START DATA SHOWN
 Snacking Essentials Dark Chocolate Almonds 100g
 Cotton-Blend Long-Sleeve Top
END DATA SHOWN
START DATA SHOWN
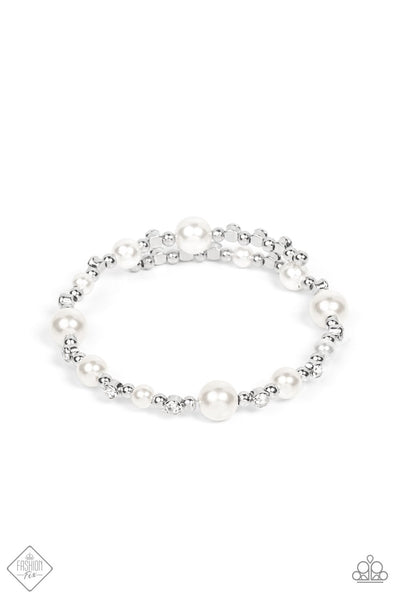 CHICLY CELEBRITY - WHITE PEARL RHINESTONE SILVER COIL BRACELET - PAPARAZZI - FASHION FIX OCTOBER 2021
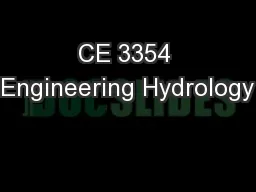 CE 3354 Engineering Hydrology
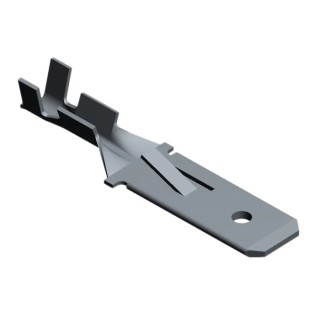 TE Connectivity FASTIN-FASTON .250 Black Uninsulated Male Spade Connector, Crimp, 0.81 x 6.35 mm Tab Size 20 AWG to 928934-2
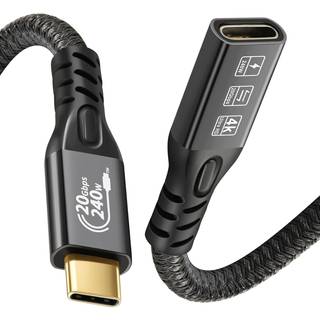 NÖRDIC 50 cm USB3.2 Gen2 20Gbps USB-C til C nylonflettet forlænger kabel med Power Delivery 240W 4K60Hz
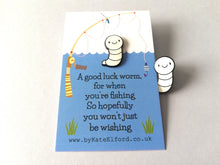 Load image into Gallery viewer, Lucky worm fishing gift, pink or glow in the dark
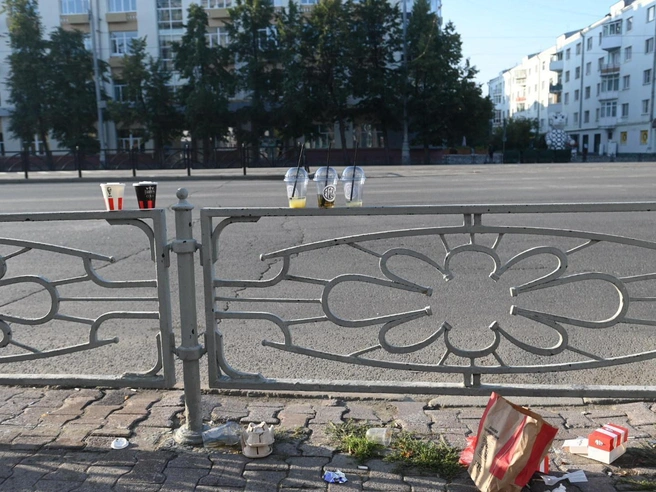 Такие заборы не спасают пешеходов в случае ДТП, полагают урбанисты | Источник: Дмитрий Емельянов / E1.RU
END DATA SHOWN
START DATA SHOWN
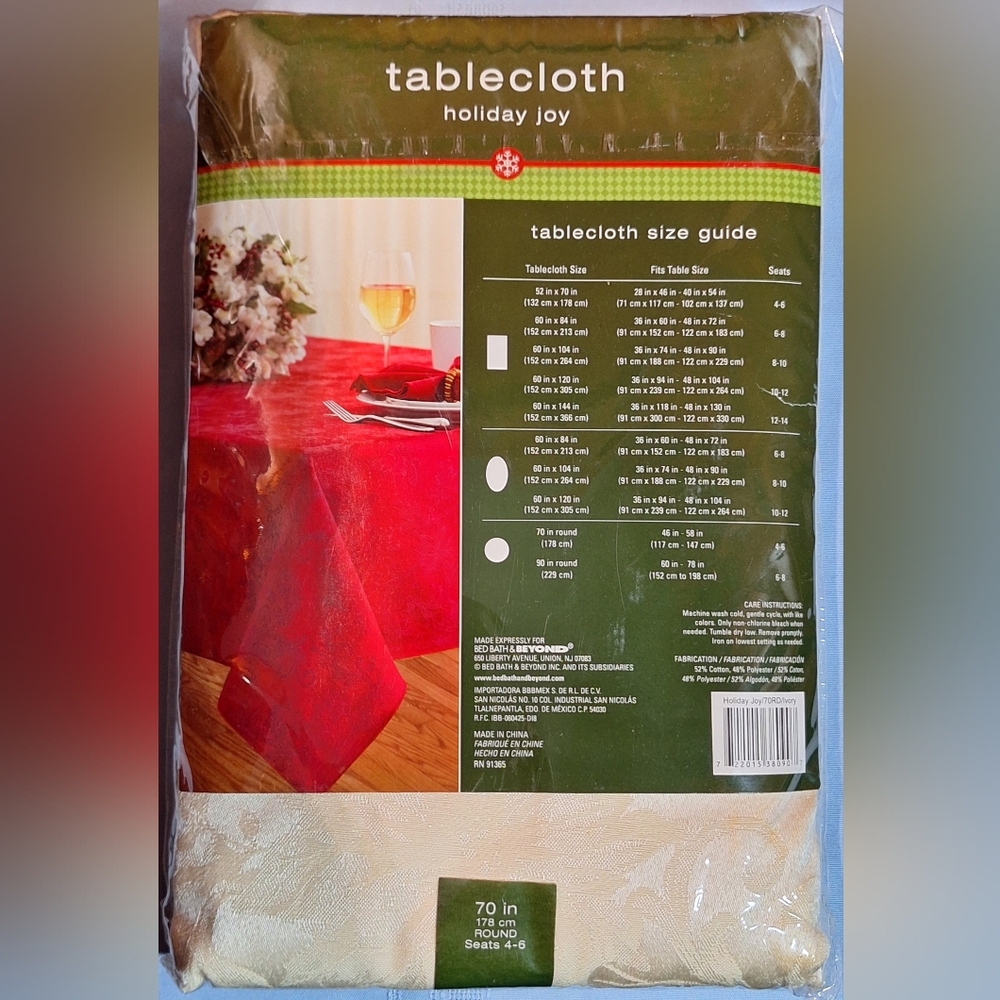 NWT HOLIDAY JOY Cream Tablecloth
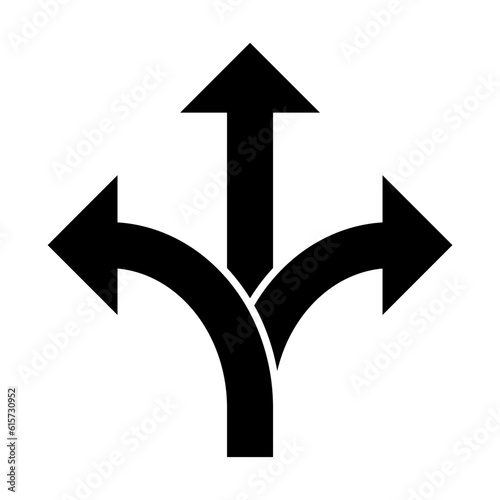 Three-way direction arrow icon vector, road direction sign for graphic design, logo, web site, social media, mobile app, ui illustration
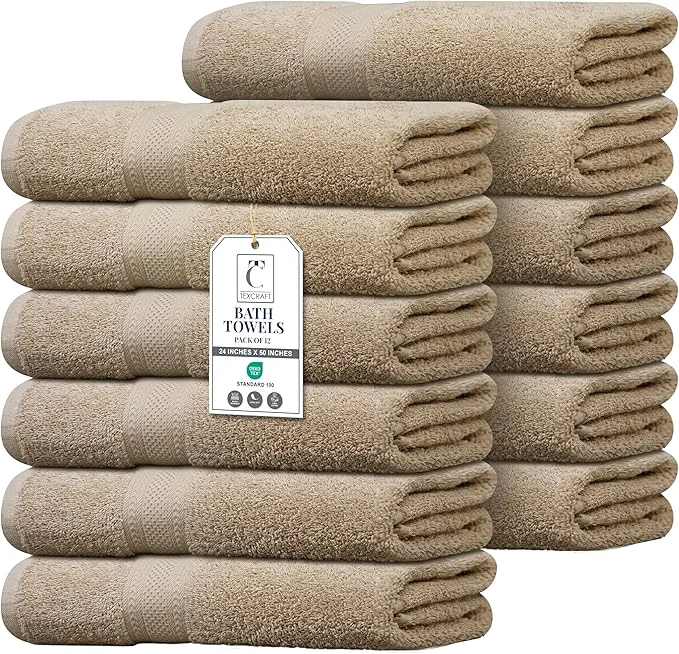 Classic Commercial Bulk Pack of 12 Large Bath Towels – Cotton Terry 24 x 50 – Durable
END DATA SHOWN
EXERCISE AIM ->
Above are the records; copy exactly the lines from the line with "Snacking Essentials Dark" through the line with "Cotton-Blend Long-Sleeve Top", both included.

RESPONSE TO THE EXERCISE ->
 Snacking Essentials Dark Chocolate Almonds 100g
 Cotton-Blend Long-Sleeve Top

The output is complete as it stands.